Jacobi vs. Gauss Seidel - Notes for Dummies

Summary:

Intro
The Coding Explanation
- What's the Difference?
- Which is Better?
The Mathy Explanation

Intro

In numerical analysis, Jacobi Iteration and the Gauss Seidel method are classic examples of iterative methods. However, since most classes focus mainly on deriving the equations, it is easy for the underlying intuition to be buried under a mountain of mathematical symbols and pseudocode. After reading the explanations online, I felt like I understood each step of the derivation, but confused about the more practical side of things: How are these two algorithms different? What are the pros and cons of each? This post contains some of my notes.

Also, shoutout to Dillon Grannis for clarifying a lot of the mathematical concepts!

That's enough context. Let's get started.

The Coding Explanation

Essentially, we have a system $Ax=b$ , where $A$ is a matrix and $x,b$ are vectors. We know values of matrix $A$ and vector $b$ but not vector $x$ :

Under this condidion, here is a crash course on the two methods:

If $A$ follows certain conditions, the Jacobi Iteration can find a better approximation of $x$ given $A$ , $b$ , and a current approximation $x'$ .
If $A$ follows slightly more conditions, the Gauss Seidel method can do the same as Jacobi, but with better performance.
Practically, we start from some approximation and run one of the two methods many times until we are satisfied with the result.
Usually, we denote the $k^{th}$ guess $x^{(k)}$ to keep track of the iterations. In this language, each mathod takes in $A$ , $b$ , $x^{(k-1)}$ and produces $x^{(k)}$ as a better guess.

What's the Difference?

Both methods provide a formula to compute the $i^{th}$ term of $x^{(k)}$ , which we call $x^{(k)}_i$ , using the subscript to indicate the elements within the vector.

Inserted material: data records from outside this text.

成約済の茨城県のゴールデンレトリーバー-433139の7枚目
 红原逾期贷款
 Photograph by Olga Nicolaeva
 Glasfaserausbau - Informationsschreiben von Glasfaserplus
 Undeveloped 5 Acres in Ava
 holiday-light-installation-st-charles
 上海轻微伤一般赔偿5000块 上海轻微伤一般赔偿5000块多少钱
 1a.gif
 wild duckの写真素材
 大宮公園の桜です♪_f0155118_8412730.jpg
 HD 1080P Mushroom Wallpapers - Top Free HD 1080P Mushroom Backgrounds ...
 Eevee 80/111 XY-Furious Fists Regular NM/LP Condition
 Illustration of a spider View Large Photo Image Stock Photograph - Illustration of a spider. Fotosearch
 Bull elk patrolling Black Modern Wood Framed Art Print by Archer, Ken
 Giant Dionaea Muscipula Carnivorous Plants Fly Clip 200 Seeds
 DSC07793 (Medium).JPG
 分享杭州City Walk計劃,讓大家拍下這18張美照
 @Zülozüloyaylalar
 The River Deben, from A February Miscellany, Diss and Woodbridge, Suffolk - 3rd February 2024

In the two methods, the formula (denoted "f" in the image) is actually the exact same, the only difference being the order we update the values.

In Jacobi Iteration we compute the entire $x^{(k)}$ from $x^{(k-1)}$ :

Then we throw away the $x^{(k-1)}$ vector as a whole, replacing it with the new guess $x^{(k)}$ .

In Gauss Seidel method, however, we throw away $x^{(k-1)}_i$ right after computing $x^{(k)}_i$ .

After finishing the computation, we just need to replace the last term before starting the new iteration.

Which is Better?

Pros of Jacobi Over Gauss Siedel:

Jacobi has less strict requirements than Gauss Seidel, so certain classes of questions can only be computed with Jacobi iteration.
Jacobi is very good for distributed programming, since $x^{(k)}_i$ for different values of $i$ can be computed simutaneously on different computers.

Pros of Gauss Siedel Over Jacobi:

Gauss Siedel generally has better performance over Jacobi, since it uses updated values immediately and don't have to wait for the entire vector to finish.
Gauss Siedel can save a lot of space, since we don't need to keep track of both $x^{(k)}$ and $x^{(k-1)}$ at the same time. Gauss Siedel only need one vector of memory, while Jacobi needs two.

The Mathy Explanation

To begin with, this is NOT a rigorous proof! We will be making many assumptions throughout this section without diving into the details, and a math textbook would be a much better source of information if you are looking for Lemmas and Theorems.

Instead, this section contains a quick rundown of the intuiton behind these algorithms, with some equations sprinkled throughout.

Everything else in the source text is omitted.